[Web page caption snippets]
-*-*-

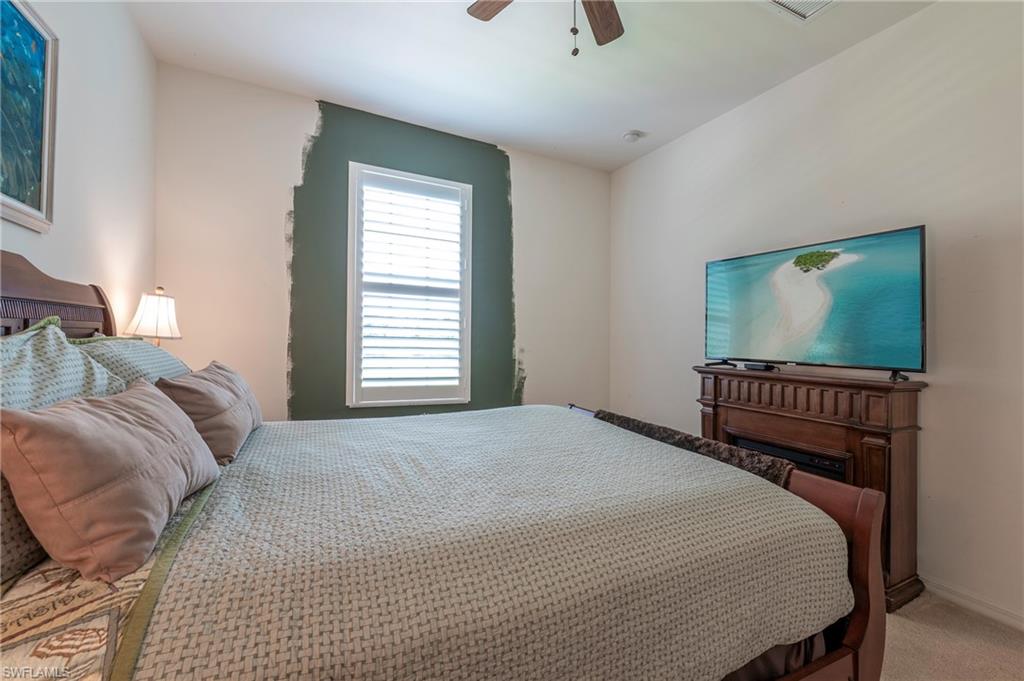 16550 Goldenrod Lane, Unit 201 Fort Myers, FL 33905 - Photo 28 of 45 a bedroom with a bed and a flat screen tv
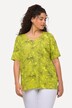 T-shirt à manches courtes. Coupe oversized. Décolleté en V et imprimé feuilles de palmiers.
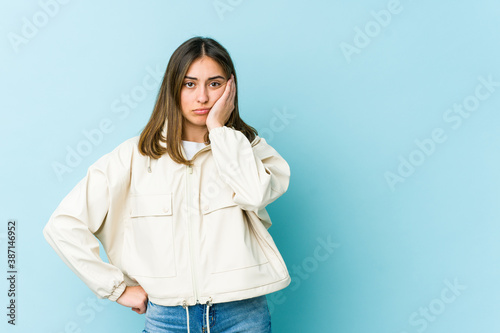 Young caucasian woman who feels sad and pensive, looking at copy space.
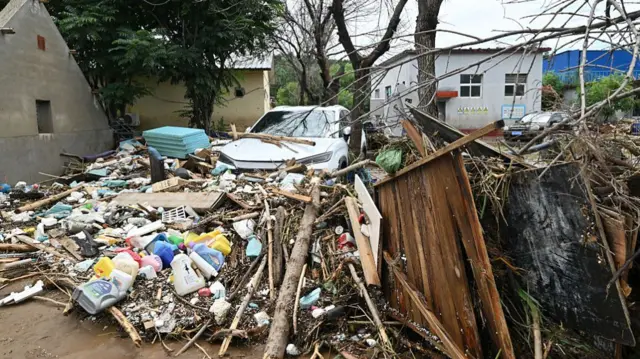 Debris piled up in front of a white car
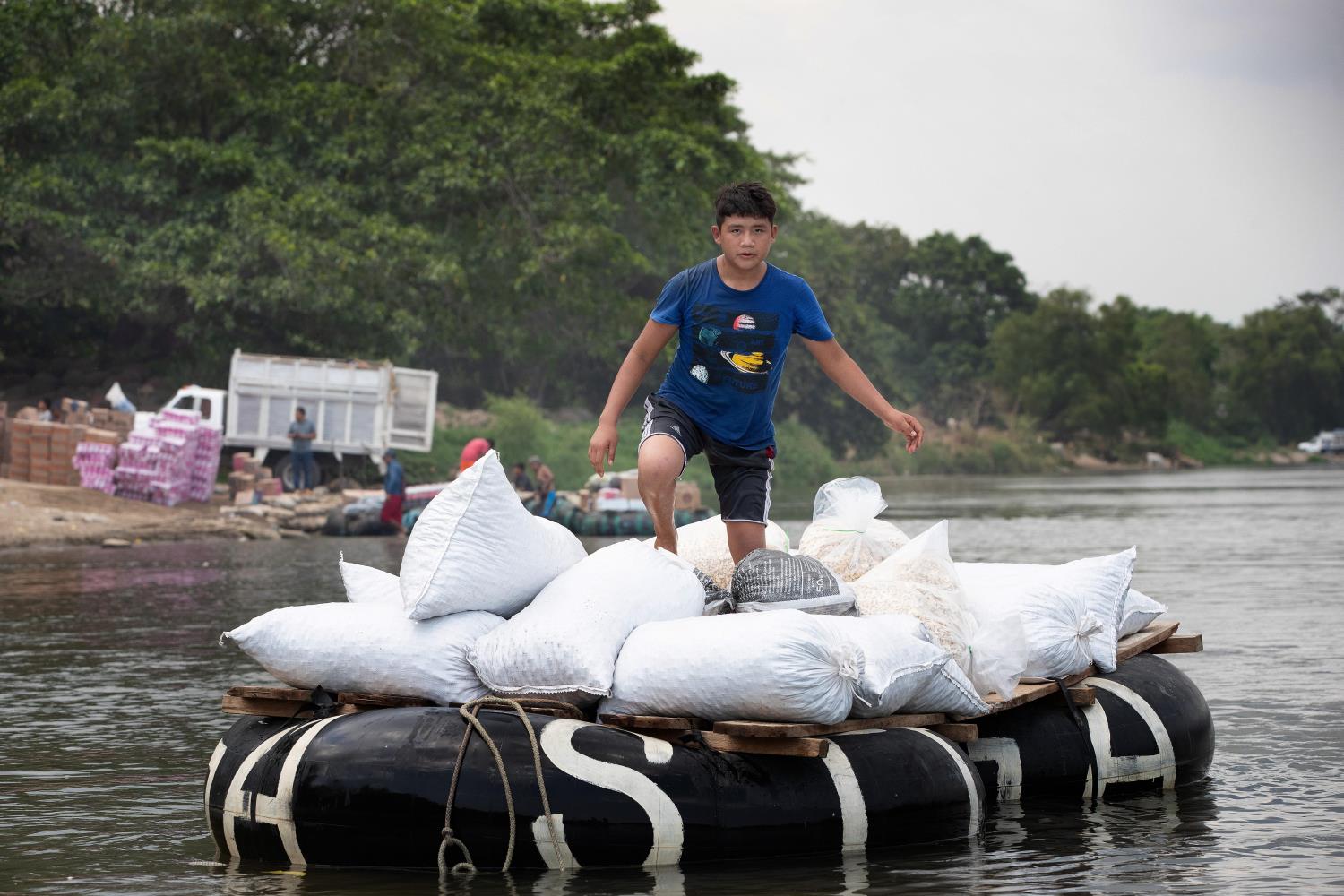Un niño usa una balsa hecha con carcasas de llantas amarradas a tablones de madera para transportar mercancías a través del río Suchiate desde Ciudad Hidalgo en México hasta las cercanías de Ciudad Tecún Umán en Guatemala. Foto de Mike DuBose, Noticias MU.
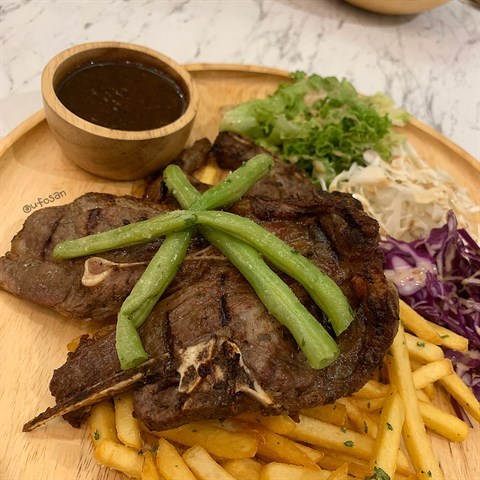 Marinated  lamb  shoulder,  served  with  fries  and  salad.  #timeline  #lambchop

-*-*-

▸ **PROMPT**: What is needed is an exact transcription of the lines from the one holding "Debris piled up in front of a white car" to the end of the data, with every picture left out.

▸ **ANSWER TO THIS TASK**:
 Debris piled up in front of a white car
Un niño usa una balsa hecha con carcasas de llantas amarradas a tablones de madera para transportar mercancías a través del río Suchiate desde Ciudad Hidalgo en México hasta las cercanías de Ciudad Tecún Umán en Guatemala. Foto de Mike DuBose, Noticias MU.
 Marinated  lamb  shoulder,  served  with  fries  and  salad.  #timeline  #lambchop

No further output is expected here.